__Data under study__.

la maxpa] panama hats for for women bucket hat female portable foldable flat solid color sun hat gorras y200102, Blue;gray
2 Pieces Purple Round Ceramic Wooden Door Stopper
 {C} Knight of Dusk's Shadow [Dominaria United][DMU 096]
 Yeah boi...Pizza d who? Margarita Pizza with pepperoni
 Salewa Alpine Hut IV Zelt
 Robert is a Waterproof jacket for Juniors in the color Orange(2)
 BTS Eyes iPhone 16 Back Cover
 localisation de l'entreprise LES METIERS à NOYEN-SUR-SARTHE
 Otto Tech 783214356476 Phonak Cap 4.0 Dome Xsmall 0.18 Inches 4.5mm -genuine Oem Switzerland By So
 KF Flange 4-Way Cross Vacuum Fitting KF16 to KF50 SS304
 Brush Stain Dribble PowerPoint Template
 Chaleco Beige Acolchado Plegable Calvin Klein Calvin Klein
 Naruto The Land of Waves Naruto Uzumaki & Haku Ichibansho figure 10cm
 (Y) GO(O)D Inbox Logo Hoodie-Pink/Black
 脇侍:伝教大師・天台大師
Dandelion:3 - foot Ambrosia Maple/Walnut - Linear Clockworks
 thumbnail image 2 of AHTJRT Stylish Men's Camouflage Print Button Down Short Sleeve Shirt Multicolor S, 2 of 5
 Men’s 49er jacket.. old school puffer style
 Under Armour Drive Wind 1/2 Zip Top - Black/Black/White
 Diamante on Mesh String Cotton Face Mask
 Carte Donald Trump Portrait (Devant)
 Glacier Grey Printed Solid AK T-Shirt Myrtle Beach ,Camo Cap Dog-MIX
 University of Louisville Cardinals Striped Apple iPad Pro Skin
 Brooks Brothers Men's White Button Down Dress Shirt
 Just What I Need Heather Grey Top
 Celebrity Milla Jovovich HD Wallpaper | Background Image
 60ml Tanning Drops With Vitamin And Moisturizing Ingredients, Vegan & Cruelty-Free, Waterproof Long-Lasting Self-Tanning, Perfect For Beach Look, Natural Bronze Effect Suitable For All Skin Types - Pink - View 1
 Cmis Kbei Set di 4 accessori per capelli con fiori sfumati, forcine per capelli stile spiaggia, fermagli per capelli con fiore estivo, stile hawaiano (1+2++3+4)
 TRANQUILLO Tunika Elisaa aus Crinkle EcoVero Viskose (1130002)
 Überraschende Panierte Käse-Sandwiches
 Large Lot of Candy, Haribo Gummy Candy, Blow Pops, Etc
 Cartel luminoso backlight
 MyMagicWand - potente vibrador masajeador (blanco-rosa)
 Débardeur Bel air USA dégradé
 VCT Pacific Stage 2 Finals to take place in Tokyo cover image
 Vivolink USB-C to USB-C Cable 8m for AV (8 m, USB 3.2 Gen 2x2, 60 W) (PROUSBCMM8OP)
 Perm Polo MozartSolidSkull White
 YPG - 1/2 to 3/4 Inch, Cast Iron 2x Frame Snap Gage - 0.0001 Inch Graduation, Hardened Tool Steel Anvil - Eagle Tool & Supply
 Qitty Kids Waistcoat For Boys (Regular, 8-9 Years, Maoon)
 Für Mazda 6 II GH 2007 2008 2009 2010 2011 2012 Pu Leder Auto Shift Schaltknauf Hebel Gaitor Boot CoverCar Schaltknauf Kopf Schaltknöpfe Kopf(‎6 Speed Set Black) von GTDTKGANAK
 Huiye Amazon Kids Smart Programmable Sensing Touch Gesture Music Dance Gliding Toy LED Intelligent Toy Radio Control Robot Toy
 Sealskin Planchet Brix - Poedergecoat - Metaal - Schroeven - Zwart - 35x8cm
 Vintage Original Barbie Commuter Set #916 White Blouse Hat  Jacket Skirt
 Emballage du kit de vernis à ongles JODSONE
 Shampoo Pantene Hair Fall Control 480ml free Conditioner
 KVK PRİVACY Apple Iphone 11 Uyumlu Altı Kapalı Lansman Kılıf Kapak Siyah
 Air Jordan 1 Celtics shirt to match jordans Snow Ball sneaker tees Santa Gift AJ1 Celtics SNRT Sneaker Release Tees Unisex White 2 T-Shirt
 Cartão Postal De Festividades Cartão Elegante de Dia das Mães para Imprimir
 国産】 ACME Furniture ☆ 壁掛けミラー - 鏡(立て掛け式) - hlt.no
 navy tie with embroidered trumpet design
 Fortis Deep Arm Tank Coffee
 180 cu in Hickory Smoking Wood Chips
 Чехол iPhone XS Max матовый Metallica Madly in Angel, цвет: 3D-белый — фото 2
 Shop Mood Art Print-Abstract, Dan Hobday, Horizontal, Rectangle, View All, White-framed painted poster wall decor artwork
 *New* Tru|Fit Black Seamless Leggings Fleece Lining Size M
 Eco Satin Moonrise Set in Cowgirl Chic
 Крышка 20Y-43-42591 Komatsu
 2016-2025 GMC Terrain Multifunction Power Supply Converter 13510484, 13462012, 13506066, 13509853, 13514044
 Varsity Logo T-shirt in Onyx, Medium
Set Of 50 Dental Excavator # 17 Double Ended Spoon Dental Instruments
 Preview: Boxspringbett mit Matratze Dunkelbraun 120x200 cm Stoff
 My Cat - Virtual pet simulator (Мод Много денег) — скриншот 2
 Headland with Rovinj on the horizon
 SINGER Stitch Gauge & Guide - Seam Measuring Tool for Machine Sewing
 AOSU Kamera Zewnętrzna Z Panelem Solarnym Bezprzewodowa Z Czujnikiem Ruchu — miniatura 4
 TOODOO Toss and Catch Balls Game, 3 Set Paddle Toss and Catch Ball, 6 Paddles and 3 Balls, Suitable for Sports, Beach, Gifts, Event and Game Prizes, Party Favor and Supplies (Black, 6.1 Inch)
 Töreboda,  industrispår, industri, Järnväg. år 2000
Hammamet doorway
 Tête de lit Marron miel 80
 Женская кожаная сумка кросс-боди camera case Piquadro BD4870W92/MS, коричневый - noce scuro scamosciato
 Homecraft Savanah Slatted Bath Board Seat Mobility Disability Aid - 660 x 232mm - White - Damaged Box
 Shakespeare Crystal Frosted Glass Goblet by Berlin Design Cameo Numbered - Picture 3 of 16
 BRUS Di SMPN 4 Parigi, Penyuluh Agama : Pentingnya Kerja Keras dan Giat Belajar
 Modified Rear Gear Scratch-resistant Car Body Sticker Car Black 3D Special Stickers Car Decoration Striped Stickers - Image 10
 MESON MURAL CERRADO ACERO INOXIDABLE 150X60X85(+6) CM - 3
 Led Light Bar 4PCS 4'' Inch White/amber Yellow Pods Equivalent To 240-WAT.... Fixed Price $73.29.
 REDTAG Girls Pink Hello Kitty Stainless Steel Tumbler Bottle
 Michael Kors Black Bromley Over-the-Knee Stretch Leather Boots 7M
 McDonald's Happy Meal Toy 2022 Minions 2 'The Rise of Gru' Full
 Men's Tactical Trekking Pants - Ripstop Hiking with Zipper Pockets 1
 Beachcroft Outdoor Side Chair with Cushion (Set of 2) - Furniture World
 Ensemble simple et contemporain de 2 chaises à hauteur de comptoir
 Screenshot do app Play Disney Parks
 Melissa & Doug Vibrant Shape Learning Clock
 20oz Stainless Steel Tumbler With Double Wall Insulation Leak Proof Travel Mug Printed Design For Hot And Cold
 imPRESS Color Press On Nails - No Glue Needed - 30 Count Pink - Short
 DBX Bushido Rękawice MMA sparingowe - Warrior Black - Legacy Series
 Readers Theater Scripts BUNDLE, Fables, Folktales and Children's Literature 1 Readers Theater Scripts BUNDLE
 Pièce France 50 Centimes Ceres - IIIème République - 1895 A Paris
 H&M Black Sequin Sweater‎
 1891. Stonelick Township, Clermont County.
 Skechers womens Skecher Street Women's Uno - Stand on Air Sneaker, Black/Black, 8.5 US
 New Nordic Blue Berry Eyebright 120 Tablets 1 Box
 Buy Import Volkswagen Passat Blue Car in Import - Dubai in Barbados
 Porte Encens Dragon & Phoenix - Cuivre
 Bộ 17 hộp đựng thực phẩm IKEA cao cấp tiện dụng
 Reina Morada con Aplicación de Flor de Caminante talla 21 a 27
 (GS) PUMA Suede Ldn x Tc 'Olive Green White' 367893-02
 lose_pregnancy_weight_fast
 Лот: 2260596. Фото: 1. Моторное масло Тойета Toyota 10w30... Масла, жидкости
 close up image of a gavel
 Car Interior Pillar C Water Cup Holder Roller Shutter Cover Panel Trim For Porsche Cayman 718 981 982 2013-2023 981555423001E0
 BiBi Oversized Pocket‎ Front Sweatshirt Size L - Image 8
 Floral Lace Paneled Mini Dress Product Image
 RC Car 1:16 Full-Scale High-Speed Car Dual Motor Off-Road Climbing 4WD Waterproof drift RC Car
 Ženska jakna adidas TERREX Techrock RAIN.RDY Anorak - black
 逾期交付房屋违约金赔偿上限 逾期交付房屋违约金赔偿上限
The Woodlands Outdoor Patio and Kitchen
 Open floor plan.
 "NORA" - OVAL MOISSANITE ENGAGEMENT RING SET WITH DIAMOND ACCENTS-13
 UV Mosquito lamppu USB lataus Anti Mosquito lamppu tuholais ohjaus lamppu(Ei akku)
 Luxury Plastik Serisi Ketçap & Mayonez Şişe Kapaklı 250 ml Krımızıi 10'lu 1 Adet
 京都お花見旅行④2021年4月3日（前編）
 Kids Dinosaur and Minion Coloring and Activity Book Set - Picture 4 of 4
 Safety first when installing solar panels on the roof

__Directions for this task__. The expected output is exactly the lines of the listing above between the line holding "DBX Bushido Rękawice" and the line holding "Car Interior Pillar", inclusive.

__Solution to this problem__.
 DBX Bushido Rękawice MMA sparingowe - Warrior Black - Legacy Series
 Readers Theater Scripts BUNDLE, Fables, Folktales and Children's Literature 1 Readers Theater Scripts BUNDLE
 Pièce France 50 Centimes Ceres - IIIème République - 1895 A Paris
 H&M Black Sequin Sweater‎
 1891. Stonelick Township, Clermont County.
 Skechers womens Skecher Street Women's Uno - Stand on Air Sneaker, Black/Black, 8.5 US
 New Nordic Blue Berry Eyebright 120 Tablets 1 Box
 Buy Import Volkswagen Passat Blue Car in Import - Dubai in Barbados
 Porte Encens Dragon & Phoenix - Cuivre
 Bộ 17 hộp đựng thực phẩm IKEA cao cấp tiện dụng
 Reina Morada con Aplicación de Flor de Caminante talla 21 a 27
 (GS) PUMA Suede Ldn x Tc 'Olive Green White' 367893-02
 lose_pregnancy_weight_fast
 Лот: 2260596. Фото: 1. Моторное масло Тойета Toyota 10w30... Масла, жидкости
 close up image of a gavel
 Car Interior Pillar C Water Cup Holder Roller Shutter Cover Panel Trim For Porsche Cayman 718 981 982 2013-2023 981555423001E0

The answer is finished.